Speaking to Turkish state-run television during a gathering of European foreign ministers in Poland, Foreign Minister Ahmet Davutoglu also reiterated Turkey's support for efforts to win recognition for a Palestinian state through the United Nations.
On Friday, Turkey expelled Israel's ambassador and froze military agreements with Israel after a U.N. report on the killing of nine Turkish activists during an Israeli raid on a Gaza-bound aid ship a year ago. Israel still refuses a formal apology to Turkey for killing citizens.
Aside from demanding an apology, and compensation for victim families, Turkey also demands Israel ends the blockade of Palestinians living in Gaza.
The report said Israel's raid of the vessels was "excessive and unreasonable," while the flotilla acted "recklessly" in attempting to break the naval blockade. It also said the Israeli naval blockade on Gaza was "legal".
Davutoglu dismissed a U.N. report into the raid that said Israel's naval blockade of Gaza was a legal security measure. Davutoglu said the report — prepared by former New Zealand Prime Minister Geoffrey Palmer and former Colombian President Alvaro Uribe, and presented to U.N. Secretary-General Ban Ki-moon — was not endorsed by the United Nations and was therefore not binding."What is binding is the International Court of Justice," Davutoglu said. "This is what we are saying: let the International Court of Justice decide."
"We are starting the necessary legal procedures this coming week," he said.
Davutoglu said the U.N. report released Friday contradicted an earlier report on the Gaza flotilla incident which found that Israeli forces violated international law when they raided the flotilla. That report was prepared in September by three human rights experts appointed by the U.N.'s top human rights body.

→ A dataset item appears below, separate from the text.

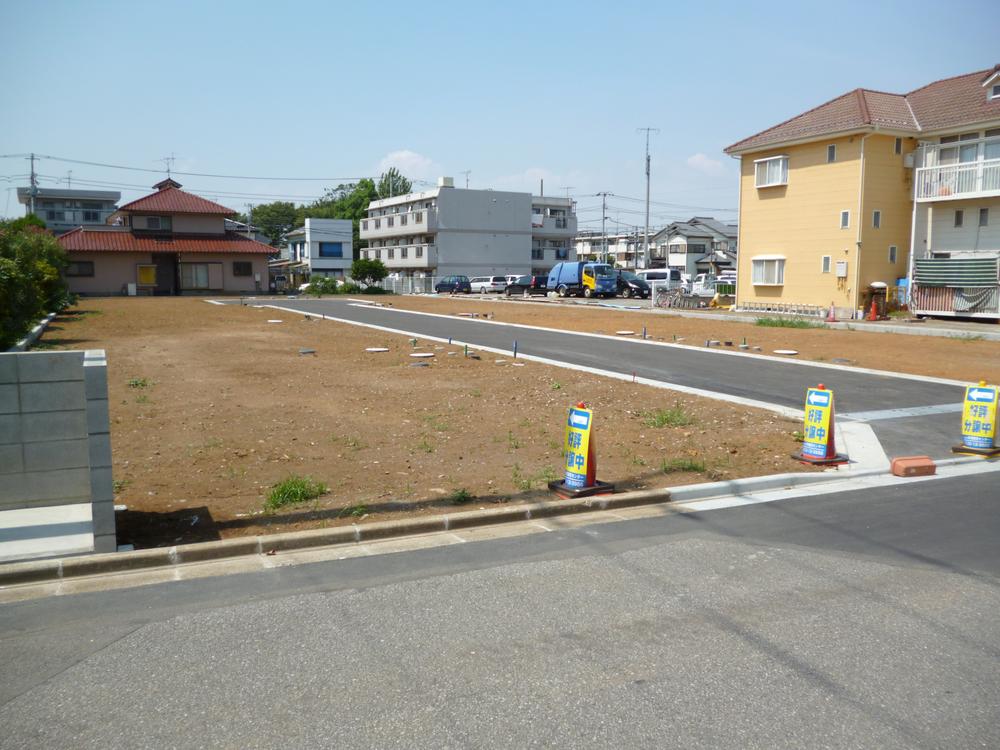 Local photos, including front road. Local (September 2013) Shooting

Turkey has also said it will pursue criminal cases against Israeli officials responsible for the killings of the nine Turks, one of whom was a U.S. citizen.
Erdogan to besieged Gaza
Turkey's Prime Minister Tayyip Erdogan, regarded as a hero in the Muslim world for championing the Palestinian cause, is expected to go to Egypt later this month. There is speculation that Erdogan might go to Gaza through Egypt's Rafah border crossing to show solidarity with the Palestinians.
A Turkish official said there were tentative plans for Erdogan to visit Egypt on Sept. 12, and, without specifying where, the official said Erdogan might go to another location during the trip.
He also warned Israel that it risks alienation among Arab nations by resisting an apology.
"If Israel persists with its current position, the Arab spring will give rise to a strong Israel opposition as well as the debate on the authoritarian regimes," Davutoglu said.
Gaza is still considered under Israeli occupation as Israel controls air, sea and land access to the Strip.
A group of international lawyers and human rights activists accuse Israel of committing "genocide" through its crippling blockade of the Strip.